Three elements—the title; a portentous, nay grandiloquent dedication "to all victims of intolerance"; and a suitably over-the-top voiceover (one imagines someone like Gary Owens at the mic)—point to the movie's ostensible purpose of alarming teenagers into selling their planks tout de suite—but for anyone with eyes to see, the movie clearly depicts youths having some harmless fun, plus precisely zero malign consequences are depicted as a result of the use of skateboards—not even a single scraped knee.

The director of "The Devil's Toy" is Claude Jutra, an important figure in the history of Quebec film, responsible for 1971's Mon oncle Antoine, among others. Based on "The Devil's Toy" alone, there is no doubt that Jutra was a filmmaker of some talent. The proceedings are heavily influenced by the nouvelle vague, even as the effervescent score, featuring vocals by none other than Geneviève Bujold, can easily be imagined emanating from a Scopitone in some Gallic bistro.

The Video Beat agrees that the film was meant as satire:

Is skateboarding corrupting the youth of the world? Montreal is a wild skateboarding town as evidenced by "The Devil's Toy" which shows kids wearing Beatle boots and trench coats while riding homemade skateboards and throwing rocks at police officers! This film is a satire and made to look like a documentary that portrays skateboarding as so dangerous that Canada is trying to ban them from the streets! Cops take away the kid's skateboards. There are references to Jan & Dean and gangs of skateboarders running away from the police. 
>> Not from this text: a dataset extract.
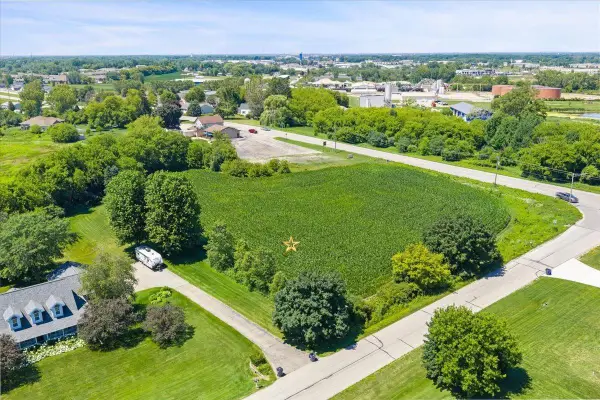 FOX MEADOWS LANE, Kaukauna, WI 54130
Whether satire or not, Caught in the Crossfire is correct when arguing that the film helped cement skateboarding as a "punk choice in life":

It was shot in Montreal, Canada by film maker Claude Jutra in a time where it was very much frowned upon to be rolling the streets on clay wheels, throwing rocks at the cops and generally having the best time ever. The cops hated skateboarders who rolled in trench coats and turtle neck tops and confiscated their decks only to be given back to kids at the local ice rink where skateboarding was allowed.

Doused in a sincere narrative to accompany classic black and white footage The Devil's Toy may well have set the tone for skateboarding being a punk choice in life from the off and most certainly would have been the first ever Canadian skateboard video ever made. Watch it here and look out for some seriously funny B-movie sounding quotes such as: "Beware, the youth of the world is on the move and their aim is to take over!."

The film is beautifully shot in black and white, stars effortlessly cool kids smoothly gliding on their boards across the city of Montreal, backed by jazz music composed by Pierre Brault accompanied by the smooth voice of Genevieve Bujold. And at the end of the film, the skateboarders escape the ice skating rink that the authorities try to confine them to, and once again skate freely through the streets and parks of Montreal. What's not to love?